L’Italia come Miglio
l’aveva prevista

Nella tristezza dello scenario politico di bassissimo impero che fa da sfondo alle farraginose trattative per la formazione di un qualunque governo vale la pena di tentare una riflessione su un aspetto rivelato dal voto per le politiche di marzo e da quelli successivi nelle regionali di Molise e soprattutto Friuli Venezia Giulia. Sembra infatti che gli elettori abbiano deciso di realizzare quello che chiedeva il grande scienziato della politica Gianfranco Miglio: un’Italia federale divisa in tre macroregioni, Nord, Centro e Sud.

Nella sua opera del 1990, edita da Laterza, “Una costituzione per i prossimi trent’anni” una lunga intervista sulla Terza Repubblica di Marcello Staglieno al professore comasco, quest’ultimo tracciava un’ipotesi di riforme che partendo dall’assunto per cui l’Italia non poteva diventare uno “Stato nazionale come la Francia” ma regolare la convivenza dei propri cittadini “soltanto nel quadro di un assetto federale o confederale” che “riconoscesse le particolarità etniche, storiche, sociali, culturali ed economiche” definiva la potenziale esistenza delle tre marcoregioni.

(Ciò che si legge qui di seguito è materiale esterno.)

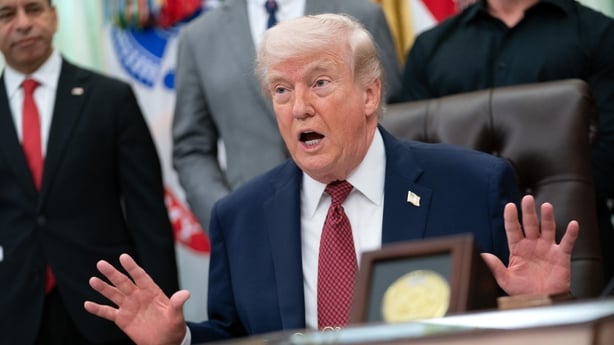 WASHINGTON, DC - APRIL 18: U.S. President Donald Trump makes an announcement on researching the effects of psychedelic drugs in medical treatment for veterans, on Saturday, April 18, 2026 in the Oval Office at the White House in Washington, D.C. HHS Secretary Robert F. Kennedy Jr., podcast host Joe 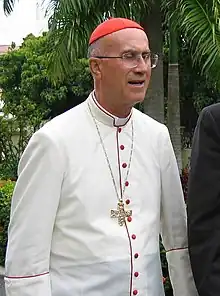 Catholic Cardinal Tarcisio Bertone wearing a tropical white cassock trimmed in cardinalatial scarlet in Santo Domingo, Dominican Republic (2006)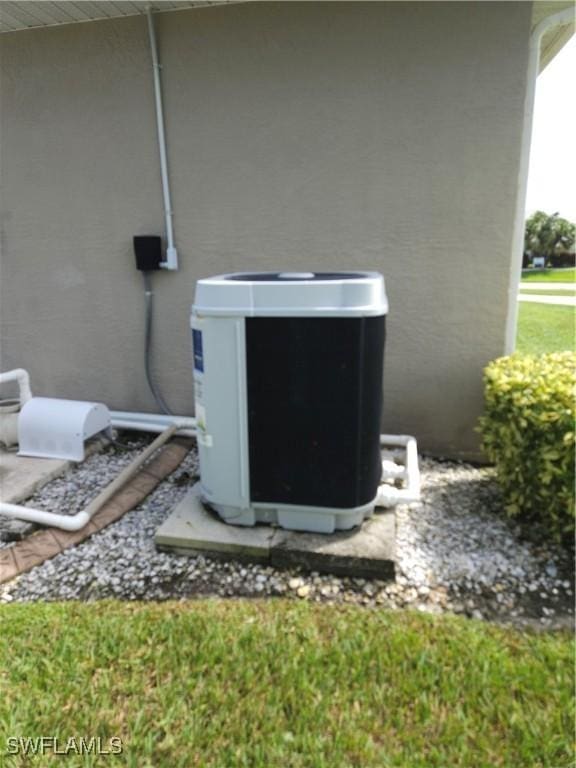 exterior details featuring central AC unit and stucco siding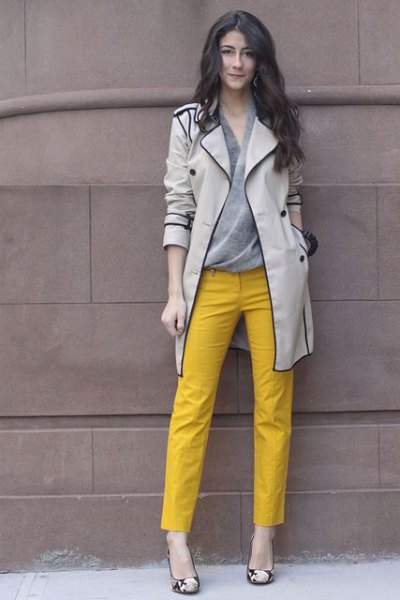 light gray trench coat with yellow ankle trousers
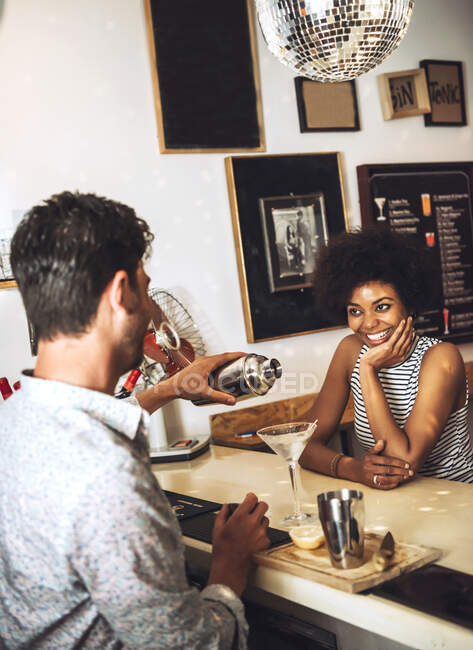 Усміхнена жінка дивиться на чоловічого бармена, який готує коктейль на стійці бару — стокове фото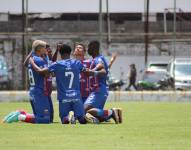 Jugadores del Deportivo Quito celebran un gol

“Una ricerca condotta anni fa dal compianto professore Innocenzo Gasparini (e purtroppo mai pubblicata) – spiegava Miglio- ha dimostrato che le relazioni economiche fra le Regioni padane, fra quelle dell’Italia centrale e quelle dell’Italia meridionale configurano l’esistenza di almeno tre potenziali “macroregioni”.”Il crisma di un assetto costituzionale formale dovrebbe consacrare, ad un certo punto, questo nuovo modo di essere dell’unità degli Italiani: aggiungendo, alle tre grandi unità particolari di cui ho parlato, le isole, le altre Regioni a statuto speciale, e un territorio federale attorno a Roma (anche per risolvere il problema difficile della città capitale e del suo statuto). Spunti di grande attualità che all’epoca suscitarono scandalo e polemiche anche perché l’intellettuale lariano si apprestava a diventare “l’ideologo” della Lega di Umberto Bossi pur restando in contatto con altre forze politiche tra cui l’allora Pci con i comaschi Gianstefano Buzzi e Dario D’Italia che si recavano nella sua abitazione in Salita Cappuccini a lezioni di politica.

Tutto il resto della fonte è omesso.